Disjoint open sets in a metric subspace corresponds to disjoint open sets in the original metric space.

A classic lemma on metric subspaces (useful in dimension theory, e.g. see van Mill, infinite-dimensional topology, prerequisites and an introduction p. 127):

let $Y$ be a subspace of the metric space $X$ and denote by $\rho Y$ ($\rho X$) the set of closed subsets of $Y$ (resp. $X$) and define $d(x,\emptyset)=+\infty$ for convenience. Then for a closed $A \subseteq Y$ the set $\kappa(A)=\{x \in X: d(x,A) \le d(x,Y \setminus A) \}$ defines a map from $\rho Y \to \rho X$ with the following properties

  1. $\kappa(\emptyset)=\emptyset, \kappa(Y)=X$.
  2. $\kappa(A) \cap Y = A$ for any $A \in \rho Y$.
  3. If $A \subseteq B, A,B \in \rho Y$ then $\kappa A \subseteq \kappa(B)$.
  4. If $A,B \in \rho Y$, $\kappa(A \cup B)=\kappa(A) \cup \kappa(B)$.

The proof isn't hard.

Now, if you have disjoint open $O, O'$ in $Y$. Then $A := Y\setminus O$ is in $\rho Y$, and so is $B:= Y \setminus O'$ and disjointness tells us that $A \cup B = Y$ so $\kappa(A) \cup \kappa(B)=\kappa(Y)=X$ and so it's clear that $U = X\setminus \kappa(A)$ and $U' = X\setminus \kappa(B)$ are the required disjoint "$X$-extensions" for $O$ resp. $O'$.
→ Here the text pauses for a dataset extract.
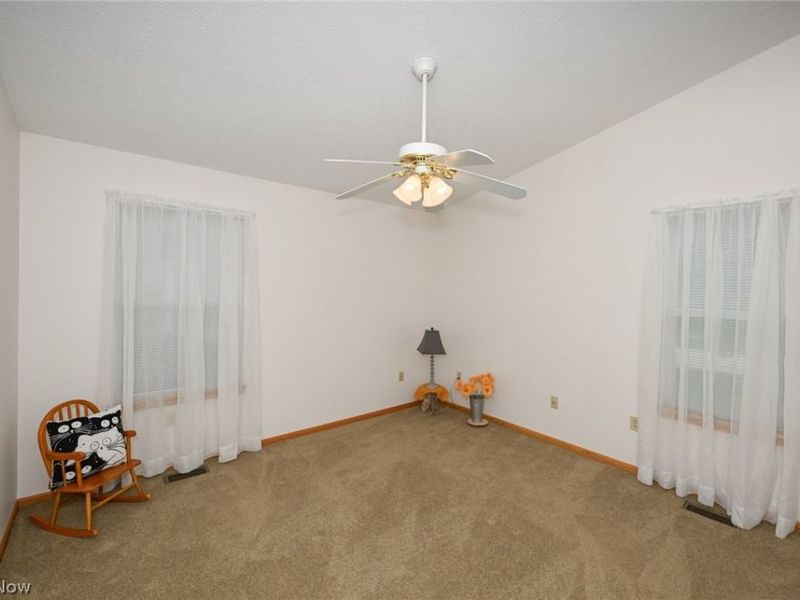 3117 Dorchester Court, Akron, OH 44312 Photo 26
Suppose $Y$ is a subspace of a metric space $X$, and $U_1,U_2$ are subsets of $Y$ which are open in $Y$. Assuming $U_1$ and $U_2$ are nonempty, the disjoint sets $$V_1=\{x\in X:d(x,U_1)\lt d(x,U_2\}$$ and $$V_2=\{x\in X:d(x,U_2)\lt d(x,U_1\}$$ are open because the functions $x\mapsto d(x,U_1)$ and $x\mapsto d(x,U_2)$ are continuous. Finally, $U_1\subseteq V_1$ because $$x\in U_1\implies d(x,U_1)=0\lt d(x,Y\setminus U_1)\le d(x,U_2)\implies x\in V_1,$$

and similarly $U_2\subseteq V_2$.

That's assuming $U_1$ and $U_2$ are nonempty. Of course, if $U_i=\emptyset$, we can simply take $V_i=\emptyset$ and $V_{3-i}=X$.

P.S. We may as well let $Y=U_1\cup U_2$. That is, all we need to assume is that $U_1$ and $U_2$ are disjoint sets which are open in $U_1\cup U_2$, which is another way of saying that $U_1$ and $U_2$ are separated sets, disjoint sets such that neither contains a limit point of the other. We have shown that in a metric space, any two separated sets (for example, disjoint closed sets) are contained in disjoint open sets.